This section outlines the attention mechanism that is used in this study. The attention mechanism employed in our modified ResNet-18 model plays a crucial role in dynamically weighting the importance of different facial regions, thereby improving the model’s ability to capture fine-grained details and context-specific features essential for distinguishing between similar expressions.

Self-attention

It has been difficult for previous convolution techniques to determine associations with pixels that are located far away. Only specific local fields possess all of the features. Self-Attention (Vaswani et al., 2017) was suggested as a solution to these issues. Self-attention computation is comparable to convolution techniques, yet establishing connections with distant areas is simple. A graphic illustration of self-attention is shown in Fig. 2. An input is split into its Query, Key, and Value, all of which have the same shape. In that order, these represent the mean batch size, query length, and model dimension. We pass the mapped score to the soft-max layer after first obtaining it from the convolution operation of the query and key. The convolution of the Score and Value is the result of the attention operation. Finally, the final output of self-attention is used to perform classification in a fully connected layer.

A figure depicting a process of self-attention.

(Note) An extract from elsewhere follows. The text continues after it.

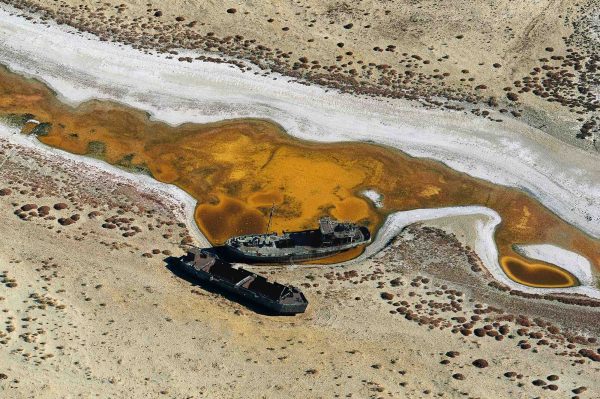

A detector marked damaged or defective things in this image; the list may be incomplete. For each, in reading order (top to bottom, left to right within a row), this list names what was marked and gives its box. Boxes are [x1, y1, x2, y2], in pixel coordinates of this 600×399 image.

rusted vessel [223, 217, 368, 264]
rusted vessel [178, 250, 310, 316]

Figure 2: A figure depicting a process of self-attention.

Proposed models

We first proposed single models for the classification of five expressions available in the VIRI database namely, angry, happy, neutral, sad, and surprised, and three expressions namely happy, fear, and disgust available in the NVIE database. For this purpose, we utilized a modified architecture of ResNet-18 with an attention mechanism. ResNet-18, a variant of deep neural networks, is renowned for its use of skip connections or shortcuts, which help in bypassing certain layers. This architectural modification is particularly advantageous as it addresses the vanishing gradient problem, enabling the network to achieve faster convergence and improved accuracy. The attention mechanism allows the model to focus on important features within the image, enhancing its ability to capture and interpret subtle details in facial expressions. This combination of ResNet-18 and attention aims to improve the model’s performance by providing a more nuanced and context-aware analysis of facial expressions. By leveraging this robust model, the research aims to enhance the precision of facial expression classification, effectively distinguishing subtle emotional cues across different imaging modalities. The modified ResNet-18 architecture, augmented with an attention mechanism, provides a powerful tool for analyzing complex datasets and advancing the field of affective computing. Through these single models, we can explore the nuanced differences in emotional expression captured by the VIRI and NVIE databases, contributing to the development of more sophisticated and responsive facial recognition systems.

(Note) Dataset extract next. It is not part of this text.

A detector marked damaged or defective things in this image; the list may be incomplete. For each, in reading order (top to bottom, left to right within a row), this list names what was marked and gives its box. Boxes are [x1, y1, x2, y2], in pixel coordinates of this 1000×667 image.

Secondly, we proposed an early fusion multi-modal approach that merges pair-wise features from the visible and infrared modalities. This method overcomes the limitations of using a single modality, which may not capture enough information for precise image classification. By combining features from both visible and infrared images, the model leverages complementary data, improving its ability to detect subtle details that might be overlooked with a single modality. We utilized the modified ResNet-18 architecture with a self-attention mechanism for this purpose. The CNN’s concatenation function is used to integrate these features, forming a more comprehensive representation of the data. The self-attention mechanism further improves the model’s focus on the most relevant parts of the images, ensuring that crucial features from both modalities are effectively combined.

This fusion method improves the robustness and accuracy of the classification process, particularly in challenging scenarios where individual modalities fall short. By combining the strengths of both visible and infrared modalities, and utilizing the advanced capabilities of ResNet-18 with self-attention, the model becomes more effective in accurately categorizing facial expressions. This contributes to the development of more reliable and nuanced facial recognition systems.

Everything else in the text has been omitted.